Below commands must be executed from the hypervisor host as root if not specified otherwise. |
Verification of the lab status
Git repository and registry
Both the registry and Git repository are running in the hypervisor host as containers:
podman ps
CONTAINER ID IMAGE COMMAND CREATED STATUS PORTS NAMES
e7cf765660a3 quay.io/mavazque/registry:2.7.1 /etc/docker/regis... 24 hours ago Up 24 hours ago registry
557b51f975ce quay.io/mavazque/gitea:1.17.3 /bin/s6-svscan /e... 24 hours ago Up 24 hours ago 0.0.0.0:2222->22/tcp, 0.0.0.0:3000->3000/tcp gitea
SNO2 virtual machine
In the lab we are going to provision and configure a SNO cluster named SNO2. Let’s double check that the virtual machine exists and it is stopped.
kcli list vm
+---------------+--------+----------------+------------------------------------------------------+-------------+---------+
| Name | Status | Ip | Source | Plan | Profile |
+---------------+--------+----------------+------------------------------------------------------+-------------+---------+
| hub-installer | up | 192.168.125.25 | CentOS-Stream-GenericCloud-8-20210603.0.x86_64.qcow2 | hub-cluster | kvirt |
| hub-master0 | up | 192.168.125.20 | | hub | kvirt |
| hub-master1 | up | 192.168.125.21 | | hub | kvirt |
| hub-master2 | up | 192.168.125.22 | | hub | kvirt |
| sno1 | up | 192.168.125.30 | | hub | kvirt |
| sno2 | down | | | hub | kvirt |
+---------------+--------+----------------+------------------------------------------------------+-------------+---------+
Hub cluster
Before working with oc
commands you can enable command auto-completion by running:
source <(oc completion bash)
# Make it persistent
oc completion bash >> /etc/bash_completion.d/oc_completion
Check the status of the hub cluster.
export KUBECONFIG=~/hub-kubeconfig
oc get clusterversion
NAME VERSION AVAILABLE PROGRESSING SINCE STATUS
version 4.11.13 True False 22h Cluster version is 4.11.13
oc get nodes
NAME STATUS ROLES AGE VERSION
ocp-master-0 Ready master,worker 23h v1.24.6+5157800
ocp-master-1 Ready master,worker 23h v1.24.6+5157800
ocp-master-2 Ready master,worker 23h v1.24.6+5157800
oc get operators
NAME AGE
advanced-cluster-management.open-cluster-management 22h
multicluster-engine.multicluster-engine 22h
odf-lvm-operator.openshift-storage 22h
openshift-gitops-operator.openshift-operators 22h
topology-aware-lifecycle-manager.openshift-operators 22h
oc get catalogsources -A
NAMESPACE NAME DISPLAY TYPE PUBLISHER AGE
openshift-marketplace redhat-operator-index grpc 23h
DNS resolution
Verify that the OpenShift API and the apps domain (wildcard) can be resolved.

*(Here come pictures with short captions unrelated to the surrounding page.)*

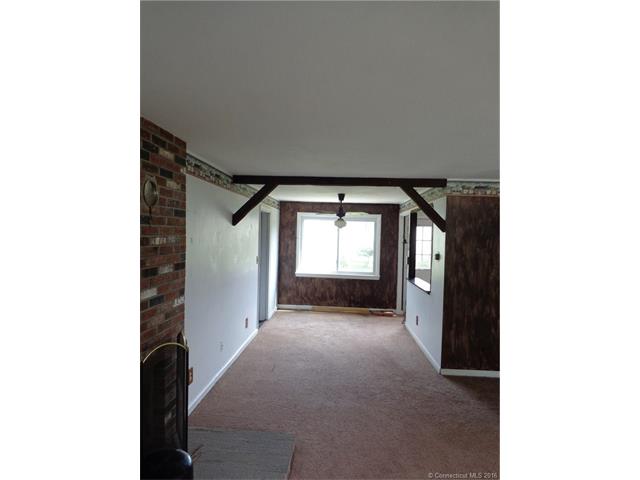 19 Denver Rd, Manchester, CT 06042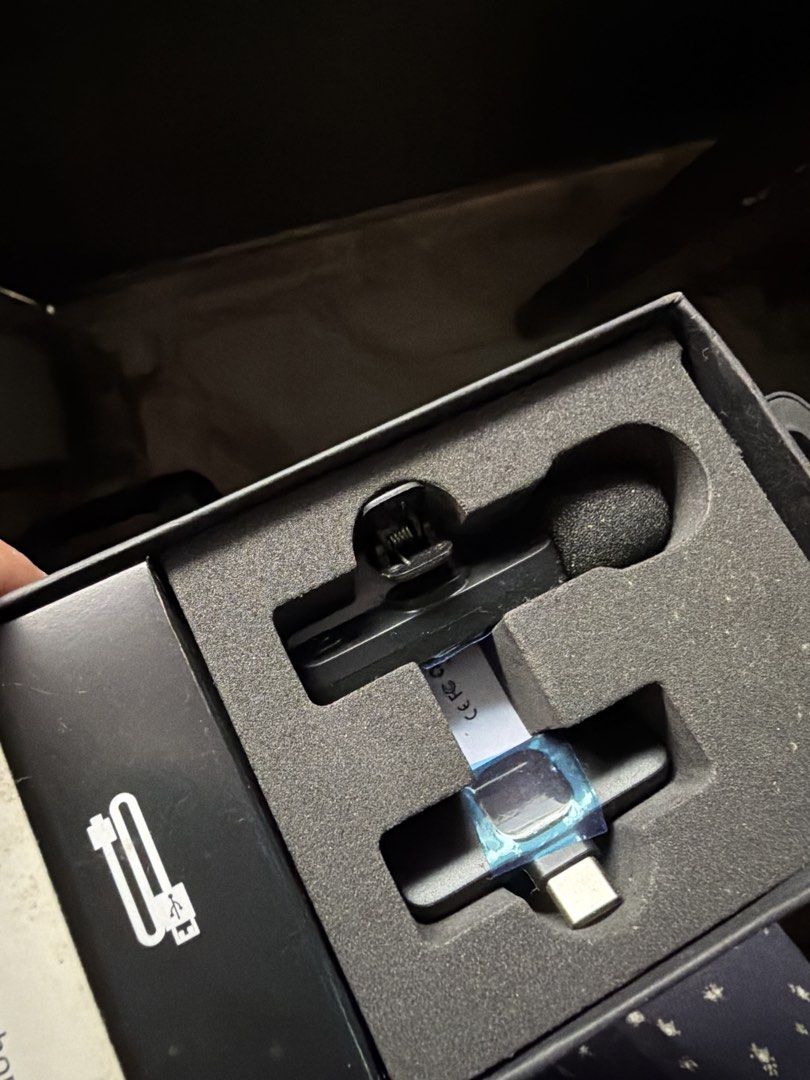Wireless Microphone Plug and Play 20m Reception (Category: Microphones) located in Caloocan City. Submitted by criddyrabb11103 (Listing ID 1458771407, Image 2). Description: FREE for purchases Php 1k up.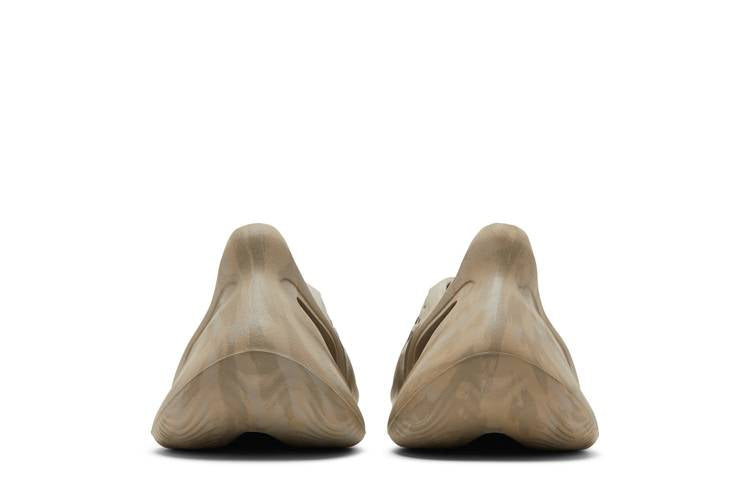 Yeezy Foam RNNR Stone Sage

dig command is not part of the standard linux utilities (you may need to install it), in RHEL-based systems is part of the bind-utils package.
|
dig +short api.hub.5g-deployment.lab
192.168.125.10
dig +short oauth-openshift.apps.hub.5g-deployment.lab
192.168.125.11
ArgoCD sync not working
There could be that one or both Argo applications (clusters or policies) are kept synchronizing or that their status is set to OutOfSync
. In such cases we can double check the following:
First, check using oc
binary the status of all the Argo applications. You can describe or show the full yaml definition of the failed application.
oc get applications -A
NAMESPACE NAME SYNC STATUS HEALTH STATUS
openshift-gitops clusters OutOfSync Healthy
openshift-gitops hub-operators-config Synced Healthy
openshift-gitops hub-operators-deployment Synced Healthy
openshift-gitops policies Synced Healthy
openshift-gitops sno1-deployment Synced Healthy
We can also connect to the OpenShift GitOps console and see there the error. In this case, there is a missing value in the SiteConfig
because we did not copy and paste it properly.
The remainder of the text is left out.